Table 8 describes the average data for the plant image segmentation. Subjectively, for the images in the first and second rows, FMFO-Otsu can segment some details more clearly than other algorithms. In the images on the third and fourth rows, some edge regions of the CS-Otsu, PSO-Otsu, and SSA-Otsu results were not clearly divided, but FMFO-Otsu’s result was better divided in the window and branch areas. According to the objective index, the performance of the FMFO-Otsu algorithm is better. For example, compared with CS-Otsu, SSA-Otsu, and WPA-Otsu, the iterations of FMFO-Otsu were decreased by 82.93%, 90%, and 90.41%, respectively; the PSNR values improved by 2.05%, 2.46%, and 2.19%, respectively; the SSIM values improved by 1.07%, 1.48%, and 1.24%, respectively; the MSE values declined by 5.7%, 6.71%, and 5.98%, respectively; and the fitness values improved by 9.32%, 9.32%, and 9.28%, respectively.

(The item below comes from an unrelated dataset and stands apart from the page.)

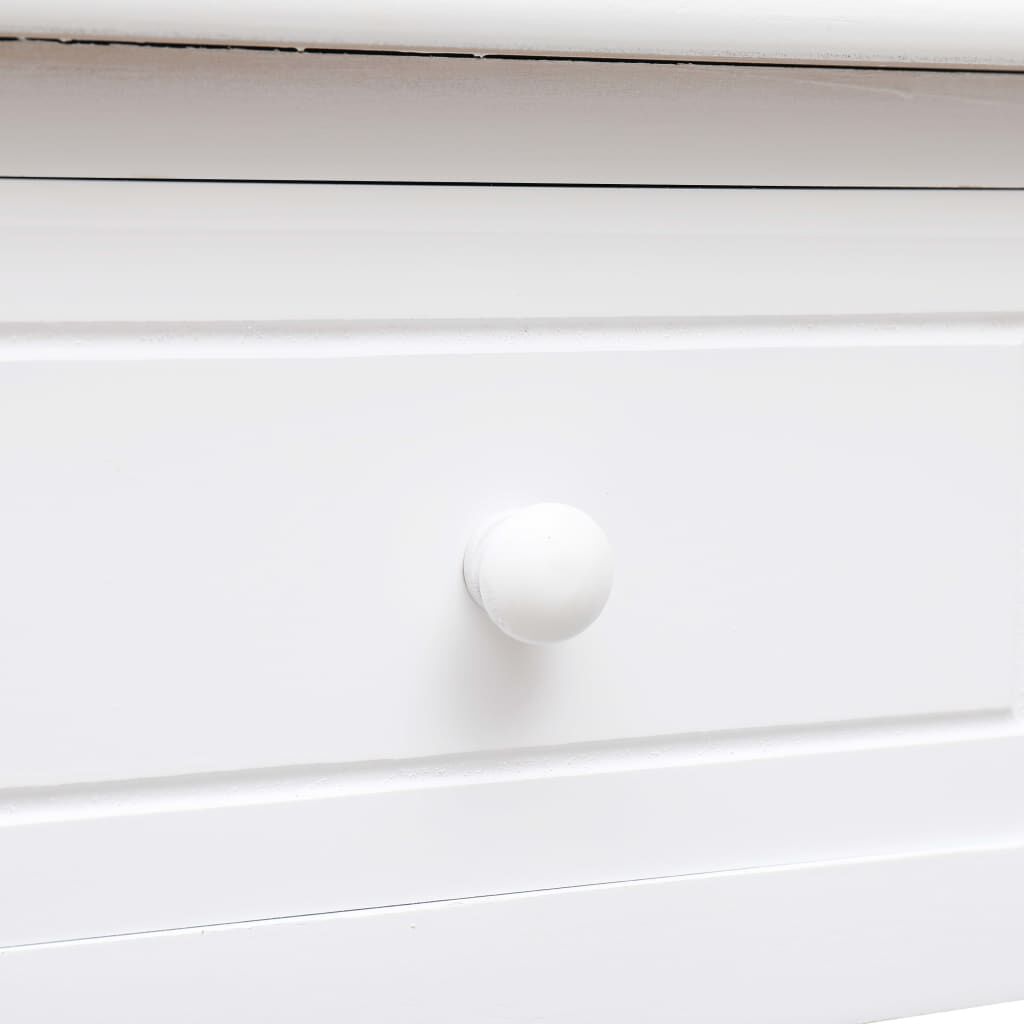 vidaXL Γραφείο Λευκό 110 x 45 x 76 εκ. Ξύλινο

Figure 12 shows the original object images and the segmented images after five algorithms. The evaluation indicators after the object image averaging are shown in
Table 9. In
Figure 1, FMFO-Otsu splits a clear outline of the car. In the second row of images, CS-Otsu, SSA-Otsu, and PSO-Otsu exhibit the phenomenon of over-segmentation. For the third and fourth lines of images, the contours after FMFO-Otsu segmentation are clearer. According to the objective data, the SSIM value is slightly poor, but other indicators are effectively improved. FMFO-Otsu has a higher PSNR value and fitness value, and a lower MSE value and number of iterations. Through the above experimental results of different types of image segmentation, it can be seen that FMFO-Otsu performs better in subjective vision and several objective evaluation indexes. The algorithm convergence speed has also been improved.